Problem
Reproduce the following data exactly, minus any images.

Provided material
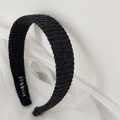 Macro shot of black knitted headband with vertical ribbed texture and brand label - Headband / Black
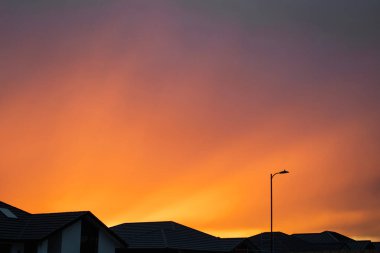 Yeni Zelanda 'daki evlerin çatısında renkli bir günbatımı. Renkli manzara.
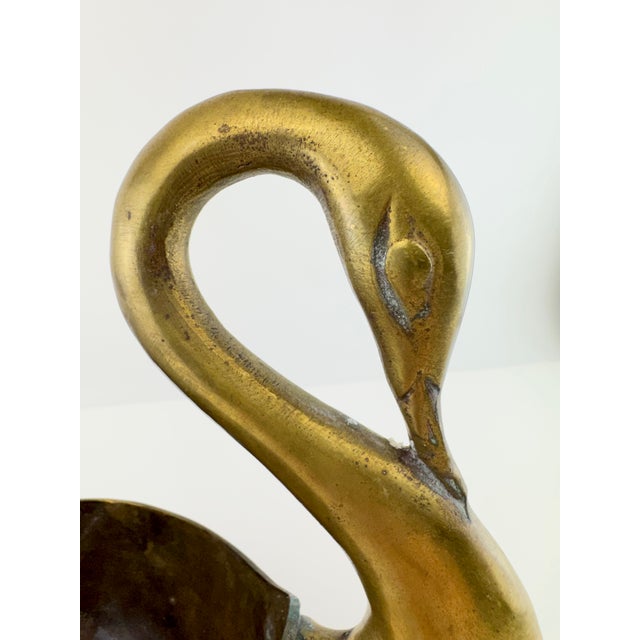 A sculptural vintage brass centerpiece bowl featuring a pair of graceful swans forming dramatic handles at either end. The...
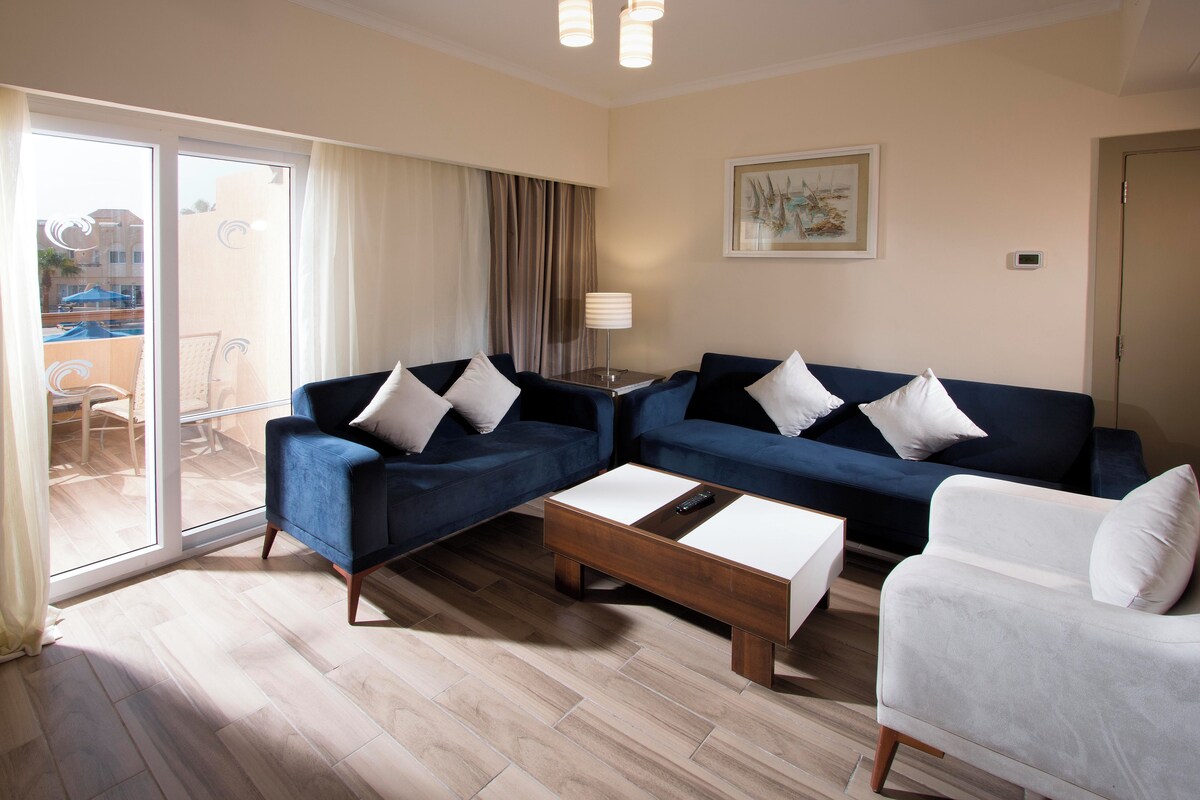 A modern living room with two blue sofas, a white armchair, and a wooden coffee table.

Your response
 Macro shot of black knitted headband with vertical ribbed texture and brand label - Headband / Black
 Yeni Zelanda 'daki evlerin çatısında renkli bir günbatımı. Renkli manzara.
 A sculptural vintage brass centerpiece bowl featuring a pair of graceful swans forming dramatic handles at either end. The...
 A modern living room with two blue sofas, a white armchair, and a wooden coffee table.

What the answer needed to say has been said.